Chain-of-Thought Prompting

Chain-of-Thought Prompting Wei et al. (2022)

There are a few different ways to implement chain-of-thought prompting, especially for structured outputs.

  1. Require the model to reason before outputting the structured object.
    • Bonus: Use a template_string to embed the reasoning into multiple functions.
  2. Require the model to flexibly reason before outputting the structured object.
  3. Embed reasoning in the structured object.
  4. Ask the model to embed reasoning as comments in the structured object.

Let’s look at an example of each of these.

We recommend Technique 2 for most use cases. But each technique has its own trade-offs, so please try them out and see which one works best for your use case.

Since BAML leverages Schema-Aligned Parsing (SAP) instead of JSON.parse or LLM modification (like constrained generation or structured outputs), we can do all of the above techniques with any language model!

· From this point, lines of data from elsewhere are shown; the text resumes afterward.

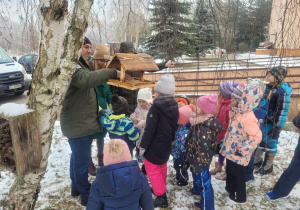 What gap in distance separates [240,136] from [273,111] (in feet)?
3.01

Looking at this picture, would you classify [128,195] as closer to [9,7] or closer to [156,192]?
[156,192]

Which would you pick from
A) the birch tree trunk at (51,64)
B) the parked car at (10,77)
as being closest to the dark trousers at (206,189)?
the birch tree trunk at (51,64)

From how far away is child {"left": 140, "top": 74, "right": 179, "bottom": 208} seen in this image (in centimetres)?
239

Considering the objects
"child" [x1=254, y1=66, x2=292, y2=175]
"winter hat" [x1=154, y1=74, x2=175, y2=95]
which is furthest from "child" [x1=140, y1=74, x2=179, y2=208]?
"child" [x1=254, y1=66, x2=292, y2=175]

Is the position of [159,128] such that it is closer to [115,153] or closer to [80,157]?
[115,153]

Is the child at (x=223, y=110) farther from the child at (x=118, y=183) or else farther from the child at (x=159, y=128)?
the child at (x=118, y=183)

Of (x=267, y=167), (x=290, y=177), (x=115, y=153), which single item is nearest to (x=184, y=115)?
(x=115, y=153)

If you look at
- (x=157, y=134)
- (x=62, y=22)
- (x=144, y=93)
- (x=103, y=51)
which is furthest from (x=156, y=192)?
(x=62, y=22)

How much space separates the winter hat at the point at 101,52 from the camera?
8.64 ft

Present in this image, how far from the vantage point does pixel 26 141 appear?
1.44m

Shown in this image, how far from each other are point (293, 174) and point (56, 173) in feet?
11.4

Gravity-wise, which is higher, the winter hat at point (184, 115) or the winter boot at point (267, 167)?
the winter hat at point (184, 115)

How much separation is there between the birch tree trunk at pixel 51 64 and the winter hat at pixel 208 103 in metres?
1.40

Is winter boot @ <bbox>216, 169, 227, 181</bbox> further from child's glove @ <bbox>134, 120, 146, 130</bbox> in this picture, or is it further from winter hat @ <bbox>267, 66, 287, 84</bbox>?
winter hat @ <bbox>267, 66, 287, 84</bbox> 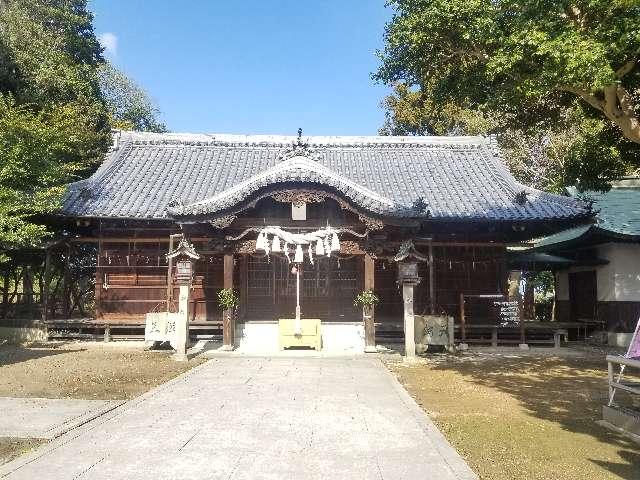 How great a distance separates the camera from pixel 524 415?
8422 mm

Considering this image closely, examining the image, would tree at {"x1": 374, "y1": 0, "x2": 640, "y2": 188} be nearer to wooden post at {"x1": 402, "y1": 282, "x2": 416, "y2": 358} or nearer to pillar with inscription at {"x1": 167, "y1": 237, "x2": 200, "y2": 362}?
wooden post at {"x1": 402, "y1": 282, "x2": 416, "y2": 358}

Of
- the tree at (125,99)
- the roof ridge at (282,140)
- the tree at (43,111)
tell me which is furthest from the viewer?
the tree at (125,99)

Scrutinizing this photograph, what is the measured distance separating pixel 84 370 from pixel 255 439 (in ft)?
24.7

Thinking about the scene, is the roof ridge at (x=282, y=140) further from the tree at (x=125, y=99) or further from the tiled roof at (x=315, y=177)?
the tree at (x=125, y=99)

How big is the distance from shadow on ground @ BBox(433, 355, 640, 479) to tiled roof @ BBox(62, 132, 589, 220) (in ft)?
15.5

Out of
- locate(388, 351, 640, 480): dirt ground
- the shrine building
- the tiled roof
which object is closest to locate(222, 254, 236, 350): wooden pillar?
the shrine building

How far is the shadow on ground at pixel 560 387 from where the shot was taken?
7.00 m

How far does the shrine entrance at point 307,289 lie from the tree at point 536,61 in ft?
28.3

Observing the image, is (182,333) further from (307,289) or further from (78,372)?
(307,289)

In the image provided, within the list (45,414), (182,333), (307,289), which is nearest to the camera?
(45,414)

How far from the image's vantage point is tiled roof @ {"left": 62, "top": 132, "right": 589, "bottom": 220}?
15047 millimetres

Technique 1: Reasoning before outputting the structured object

In the below example, we use chain of thought prompting to extract information from an email.

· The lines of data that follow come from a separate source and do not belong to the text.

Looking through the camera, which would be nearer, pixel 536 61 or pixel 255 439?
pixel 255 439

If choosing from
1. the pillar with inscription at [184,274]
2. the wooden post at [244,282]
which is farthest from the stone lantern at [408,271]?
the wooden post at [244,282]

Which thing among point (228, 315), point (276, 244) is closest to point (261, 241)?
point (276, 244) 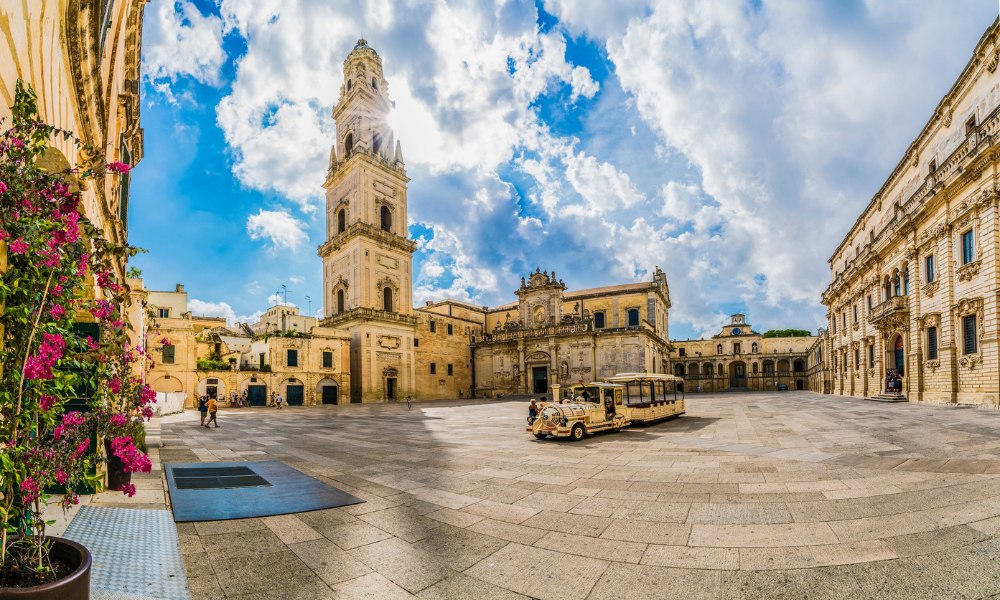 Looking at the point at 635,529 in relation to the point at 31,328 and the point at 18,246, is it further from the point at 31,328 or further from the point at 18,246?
the point at 18,246

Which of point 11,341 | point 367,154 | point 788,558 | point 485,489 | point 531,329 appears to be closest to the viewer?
point 11,341

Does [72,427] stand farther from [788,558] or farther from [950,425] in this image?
[950,425]

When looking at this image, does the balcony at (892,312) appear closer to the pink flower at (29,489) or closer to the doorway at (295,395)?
the pink flower at (29,489)

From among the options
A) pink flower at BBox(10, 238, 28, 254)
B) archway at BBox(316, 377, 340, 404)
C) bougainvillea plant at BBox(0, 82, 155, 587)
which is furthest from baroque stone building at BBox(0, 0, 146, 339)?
archway at BBox(316, 377, 340, 404)

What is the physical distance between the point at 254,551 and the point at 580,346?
147ft

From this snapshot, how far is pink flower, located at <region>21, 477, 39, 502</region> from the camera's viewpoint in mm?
2627

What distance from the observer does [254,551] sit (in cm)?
471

1function GetOrderInfo(email: Email) -> OrderInfo {
2 client "openai/gpt-5-mini"
3 prompt #"
4 extract everything from this email.
5
6
7 {{ ctx.output_format }}
8
9 Before you answer, please explain your reasoning step-by-step.
10
11 For example:
12 If we think step by step we can see that ...
13
14 Therefore the output is:
15 {
16 ... // schema
17 }
18
19 {{ _.role('user') }}
20
21 Sender: {{email.from_address}}
22 Email Subject: {{email.subject}}
23 Email Body: {{email.body}}
24 "#
25}
26
27class Email {
28 subject string
29 body string
30 from_address string
31}
32
33
34class OrderInfo {
35 order_status "ORDERED" | "SHIPPED" | "DELIVERED" | "CANCELLED"
36 tracking_number string?
37 estimated_arrival_date string?
38}
39
40test Test1 {
41 functions [GetOrderInfo]
42 args {
43 email {
44 from_address "hello@amazon.com"
45 subject "Your Amazon.com order of 'Wood Dowel Rods...' has shipped!"
46 body #"
47 Hi Sam, your package will arrive:
48 Thurs, April 4
49 Track your package:
50 www.amazon.com/gp/your-account/ship-track?ie=23&orderId123
51
52 On the way:
53 Wood Dowel Rods...
54 Order #113-7540940
55 Ship to:
56 Sam
57 SEATTLE, WA
58
59 Shipment total:
60 $0.00
61 "#
62
63 }
64 }
65}

Reusable Chain-of-Thought Snippets

You may want to reuse the same technique for multiple functions. Consider template_string!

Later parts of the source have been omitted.